From the listing below, set down exactly the lines between the one holding "2006 Model Black" and the one holding "Stevenage Car Meets", inclusive. No other line is wanted.

▸ Provided records
◇ ◇ ◇ ◇
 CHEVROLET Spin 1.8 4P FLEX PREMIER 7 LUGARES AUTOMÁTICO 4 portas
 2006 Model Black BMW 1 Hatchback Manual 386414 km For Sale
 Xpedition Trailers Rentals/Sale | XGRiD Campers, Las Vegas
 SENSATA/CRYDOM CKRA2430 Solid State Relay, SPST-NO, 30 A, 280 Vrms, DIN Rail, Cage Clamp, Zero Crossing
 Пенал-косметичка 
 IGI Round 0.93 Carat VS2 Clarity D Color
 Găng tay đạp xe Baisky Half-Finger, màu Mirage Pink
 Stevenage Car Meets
◇ ◇ ◇ ◇
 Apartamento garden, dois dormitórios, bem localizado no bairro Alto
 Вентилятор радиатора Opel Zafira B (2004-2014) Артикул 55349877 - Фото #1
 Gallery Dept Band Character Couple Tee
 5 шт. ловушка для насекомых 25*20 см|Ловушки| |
◇ ◇ ◇ ◇
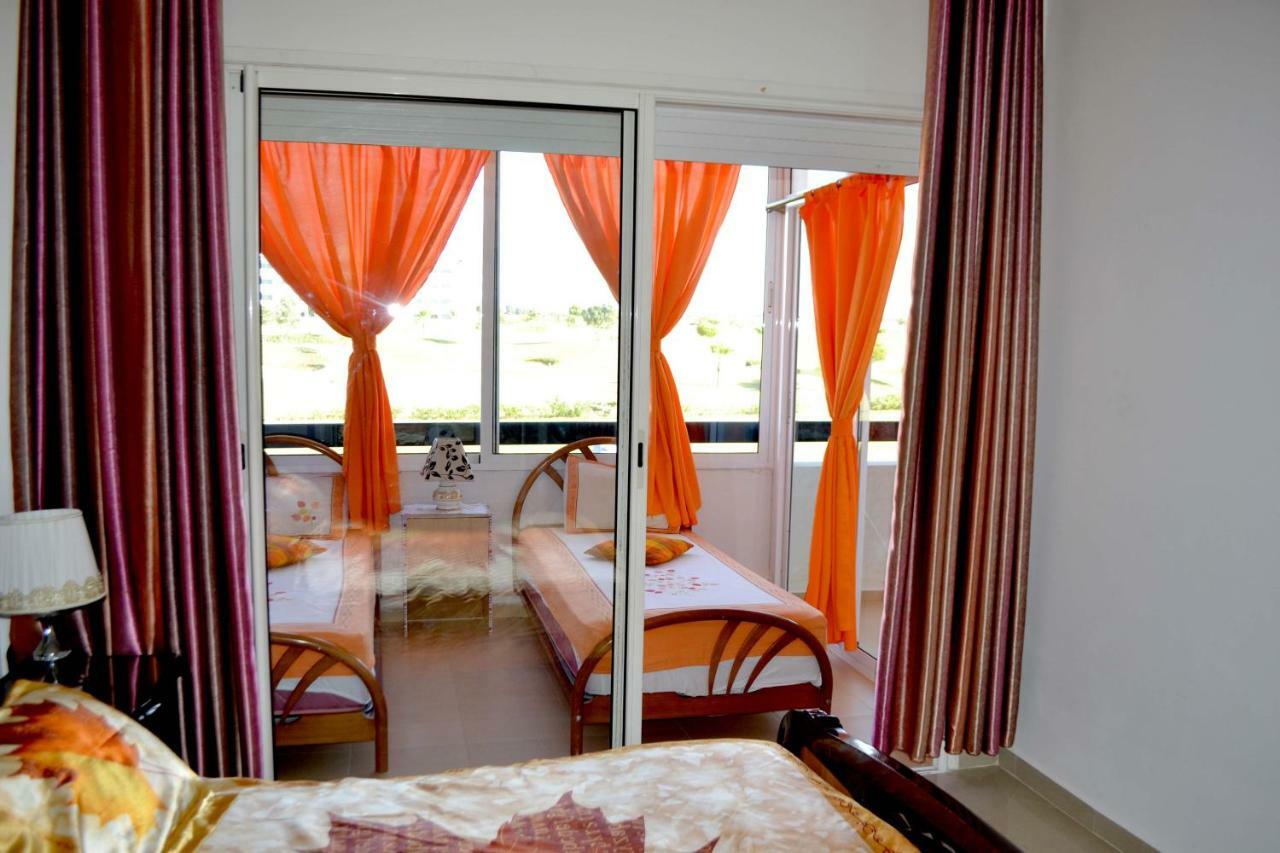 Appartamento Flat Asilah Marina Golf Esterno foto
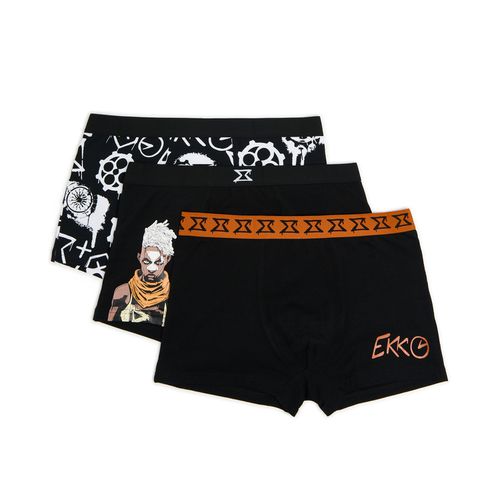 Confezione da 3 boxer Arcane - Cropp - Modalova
◇ ◇ ◇ ◇
▸ Solution below
 2006 Model Black BMW 1 Hatchback Manual 386414 km For Sale
 Xpedition Trailers Rentals/Sale | XGRiD Campers, Las Vegas
 SENSATA/CRYDOM CKRA2430 Solid State Relay, SPST-NO, 30 A, 280 Vrms, DIN Rail, Cage Clamp, Zero Crossing
 Пенал-косметичка 
 IGI Round 0.93 Carat VS2 Clarity D Color
 Găng tay đạp xe Baisky Half-Finger, màu Mirage Pink
 Stevenage Car Meets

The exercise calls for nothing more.